IL CORAGGIO DI TORNARE A VIVERE
Quando si perdono entrambi i genitori a distanza di pochi mesi l’uno dall’altro, è come sentirsi all’improvviso sradicati dal terreno delle più solide certezze. Si crea un vuoto incolmabile e senti di sprofondarci dentro, soprattutto se tutto questo accade quando hai soli sedici anni, come è stato per me.
Ero nel pieno dell’adolescenza, aperta a infinite possibilità, con uno sfavillante luccichio di vita negli occhi, mentre sognavo un primo amore con cui costruire un legame autentico come quello vissuto dai miei genitori.
Li avevo sempre ammirati per quel loro modo di tenersi uniti e resistere alle sfide insieme, grazie al gioco, alle risate e al non prendersi troppo sul serio. Mai avrei immaginato che la vita un giorno sarebbe arrivata a disincantarci tutti quanti con una malattia spiazzante come la leucemia insieme a un responso medico tanto reale quanto indelicato.
«A sua moglie restano soli quattro di mesi di vita» disse un dottore a mio padre, senza dargli il giusto tempo per elaborare un’informazione densa come quella. Lui non resse la notizia, il pensiero di restare così presto senza la sua amata compagna di vita era troppo da sostenere e a poco più di quarant’anni decise di non proseguire il suo viaggio terreno. Quattro mesi dopo, il responso medico si avverò, con una tempistica più che precisa e mia madre lo seguì.

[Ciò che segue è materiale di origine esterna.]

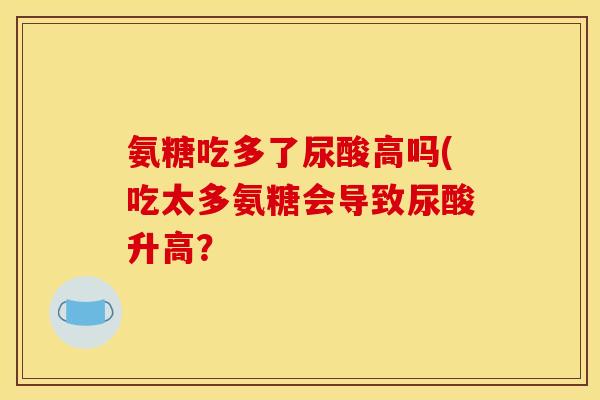 氨糖吃多了尿酸高吗(吃太多氨糖会导致尿酸升高? 氨糖吃多了尿酸高吗(吃太多氨糖会导致尿酸升高?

Mi ritrovai, così, catapultata in una nuova realtà fatta di dolore anziché di sogni, restando in casa con mia nonna paterna e mia sorella.

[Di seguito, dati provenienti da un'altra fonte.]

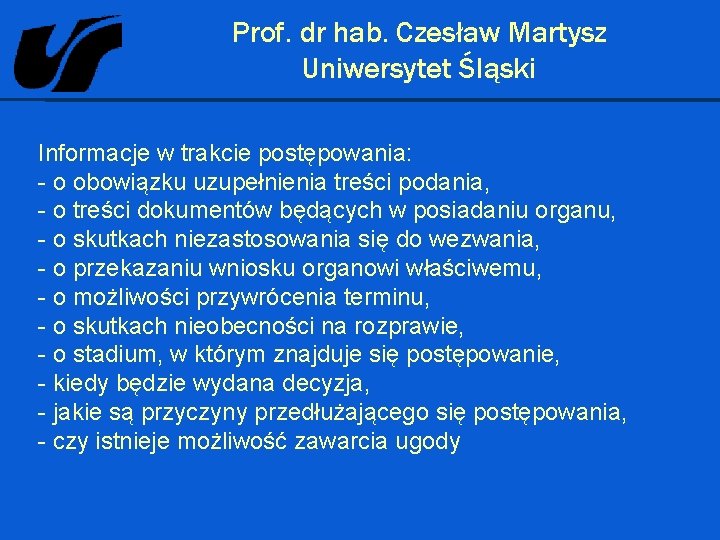 Prof. dr hab. Czesław Martysz Uniwersytet Śląski Informacje w trakcie postępowania: - o obowiązku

La mia vita sembrava annullata, spenta, e il senso di sconforto e solitudine si facevano via via sempre più schiaccianti. Ancor più quando le persone della comunità iniziarono a darmi giudizi e consigli non richiesti su come gestire la mia sofferenza.
«Loro non vorrebbero vederti così» era la frase ricorrente, come se io volessi star male, come se qualcun altro potesse davvero arrogarsi il diritto di sapere cosa fosse meglio per me e cosa volessero davvero i miei genitori.
Lo trovavo assurdo e inopportuno. Non mi sentivo compresa, supportata, né dalle persone a me più vicine né da quelle esterne. E sprofondai ancor più nella solitudine fino a raggiungere un profondo stato depressivo.
In quel periodo mi rifugiai nella scrittura, mio porto sicuro sin da bambina, e iniziai a scrivere poesie, o intere pagine di diario, esprimendo la rabbia e il senso di ingiustizia che mi ribollivano dentro. Scrivevo ovunque e a qualsiasi ora. Mi svegliavo persino di notte con un urgente bisogno di dare sfogo a tutte quelle emozioni che emergevano ed erano spesso contrastanti. Ero confusa, volevo riaprirmi alla vita ma al contempo mi sentivo in colpa nell’essere felice, perché i miei genitori di fatto non avrebbero potuto esserlo più. Poi via via la rabbia si è tramutata in forza e mi ha spinta a buttarmi a capofitto nella vita, anche perché non sono fatta per restare a terra a lungo o per piangermi addosso. Ho ricominciato a rimettermi in gioco, a fare esperienze, a volte sfidandomi, e acquisendo sempre più fiducia in me stessa.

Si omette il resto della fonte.